Dylan’s lyrics, continuing from yesterday. It’s the refrain:

I see my light come shining
From the west unto the east
Any day now, any day now
I shall be released

I was walking home from a bar late one night - oh, actually it was about 5 am - with my housemate Rick. It was one of those snowy nights in the middle of winter in New York City when, with the snow falling, there is absolute silence. It's one of the few things I miss about New York City. This weather. This silence. Anyway, walking. Rick was trying to figure out this song phrase that was running through my head. Rick was very good with Broadway musicals but this one was escaping him. We found out later it was actually a TV Musical that had been on once when we were kids in the late 60s. One word of one song was stuck in my head still in 1995. I could even sing it.  “Imm-poss-ible.” I was certain it must mean something, if only we could figure out why it was stuck there.

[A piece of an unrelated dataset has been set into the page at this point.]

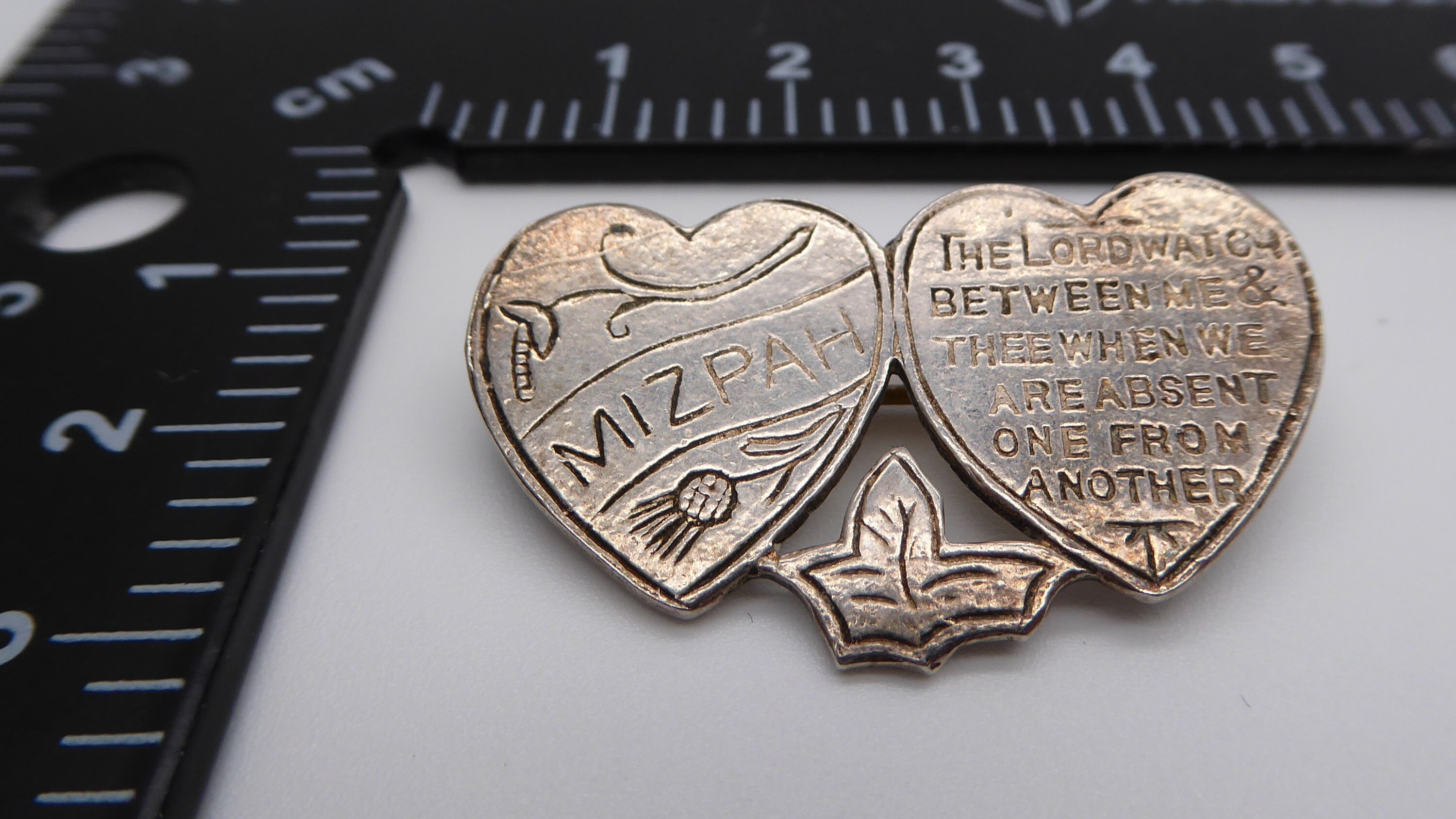 Vintage WW2 Sterling Silver Mizpah Joined Hearts Sweetheart Brooch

Rick said, “There must be something in your life that doesn't mean something else.”

“Why?” I asked.

Joseph could see his light come shining. He knew that sooner or later he would be released. Yet, he never was. To the end of his days, he was this Hebrew captive in the house of Pharaoh. He was even given a slave name meaning the “The God Speaks so He Lives.” You can read it to mean that Joseph could hear meanings in things... which Pharaoh understood to mean that some deity was speaking to Joseph... or did it mean that Pharaoh (the God) had decided this slave could live? It seems highly likely it was the latter. Joseph was in prison about  orto die... and the god-king spoke and let him live.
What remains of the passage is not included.